The supply of food worldwide has been tight, since Russia’s war in Ukraine cut off vital shipments of resources needed to make fertilizer and grain products from the region.
Several high-level executives from big agricultural firms such as Bayer, Corteva, Archer Daniels Midland, and Bunge, told The Wall Street Journal that it will take at least two more years of good harvests in North and South America to ease the supply pressures.
“The current market expectation is that global grain and oilseeds markets need two consecutive normal crop years to stabilize global supplies,” said Chuck Magro, chief executive of Corteva, at an investor presentation this week.
This year’s grain harvest has fallen below normal yields in the West, hindering efforts to restock global crop supplies he explained.
The United States and South America, two of the world’s major crop exporters, faced persistent drought conditions this summer.
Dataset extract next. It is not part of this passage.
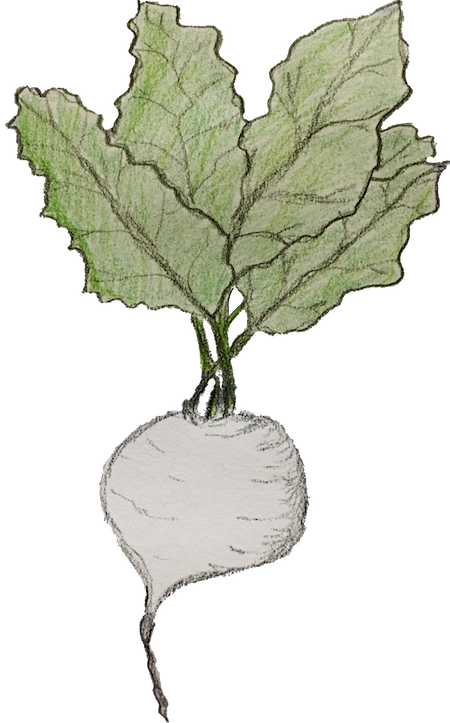 Hand-drawn picture of a sugar beet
The hot summer worsened drought conditions in states throughout the U.S. Grain Belt, which saw a major reduction in the harvest due to lack of water and a wet spring planting season earlier in the year.
The Agriculture Department announced on Sept. 12, that it had lowered its nationwide corn production estimates to 13.9 billion bushels.
This is 3 percent lower than its projections in August, about 8 percent lower than the total amount harvested last year.
Projections for soybean production estimates in September were down 3 percent from August, down slightly from 2021.
Maintaining a Food Truce
Global recession fears have also weighed on food commodity markets and the prolonged conflict in Ukraine has not helped matters.